# used goof-off to clean vinyl floors.. now patchy



## jaredmb05 (Jun 3, 2013)

I have very dirty vinyl floors that no house hold cleaner could get clean. Well I found goof off and used that to clean my floors and it looked great at first but now that everythings dried, it looks patchy.

What happened?

Do I just need to remove the wax and re wax them?
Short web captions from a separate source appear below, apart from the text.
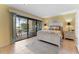 Main bedroom with water view and access to balcony at 1111 N Bayshore Blvd # B7, Clearwater, FL 33759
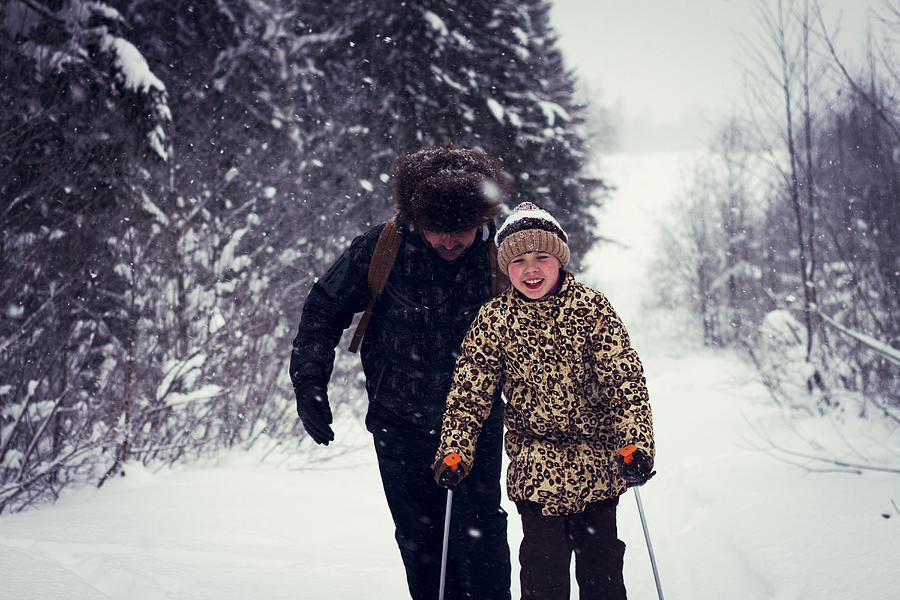 Caucasian father and daughter cross-country skiing on snowy road Photograph by Maxim Chuvashov
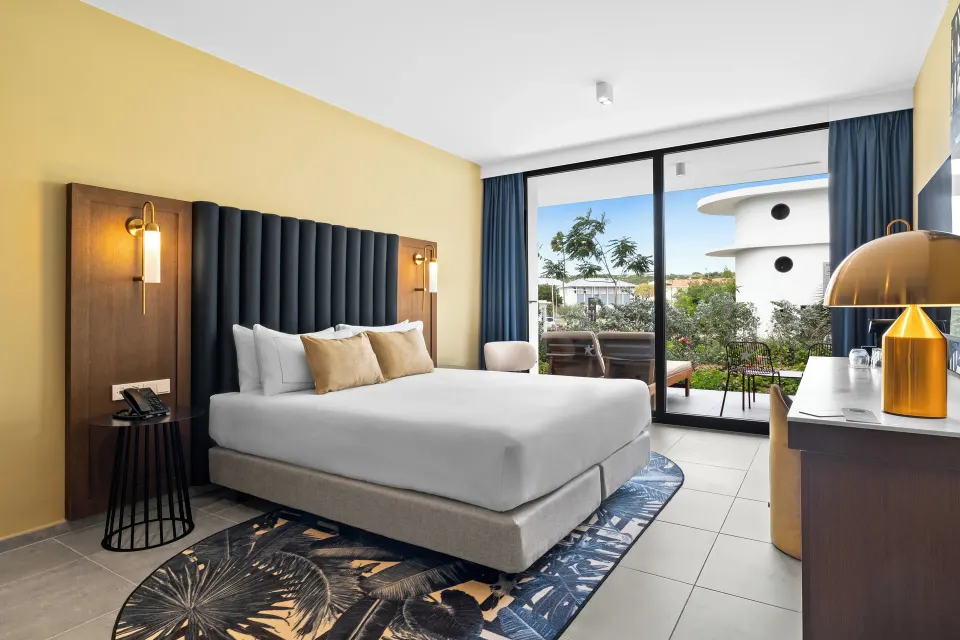 Deluxe Room king bed and terrace at The Rif at Mangrove Beach Corendon Curacao, Curio.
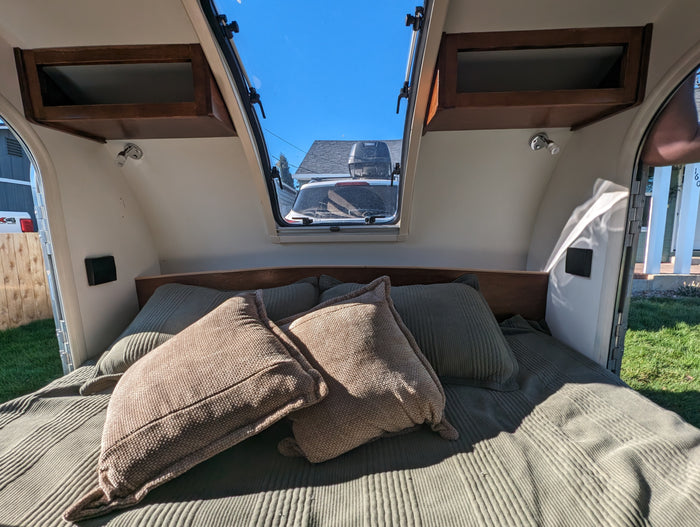 it awaits outdoor travel.|Inside a cozy RV rental: bed with blanket & pillows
Is there anyway I can fix this??


----------



## nealtw (Jun 3, 2013)

Looks more like lino tile, but I think the wax removel would be a good bet and welcome to the site.


----------



## Rusty (Jun 3, 2013)

If it is a no wax floor and most of them are, you probably ruined it.


----------



## WindowsonWashington (Jun 4, 2013)

Goof Off is harsh stuff.

See if it is just residue or if you stripped the finish off.  If you did strip the finish, you can try buffing with a scotchbrite pad and light pressure.


----------



## nealtw (Jun 4, 2013)

I think it is lino tile, if it is, it is forgiving. This is from the site below.
Burn Resistant

These reincarnated linoleum floors resist burning. If your entire house was on fire the floor would go up, too, but the floors don't melt at high heat under normal circumstances. This means that a cigarette, glue gun, curling iron or hot grease dopped on the floor will not create the need for a whole new floor. It means you will need to pick up or clean up what you dropped. If there is a slight mark it can be buffed out. The color goes all the way through the floor so any deeper damage that does happen can be easily sanded out.

http://maryeaudet.hubpages.com/hub/Marmoleum-FlooringThe-New-Linoleum


----------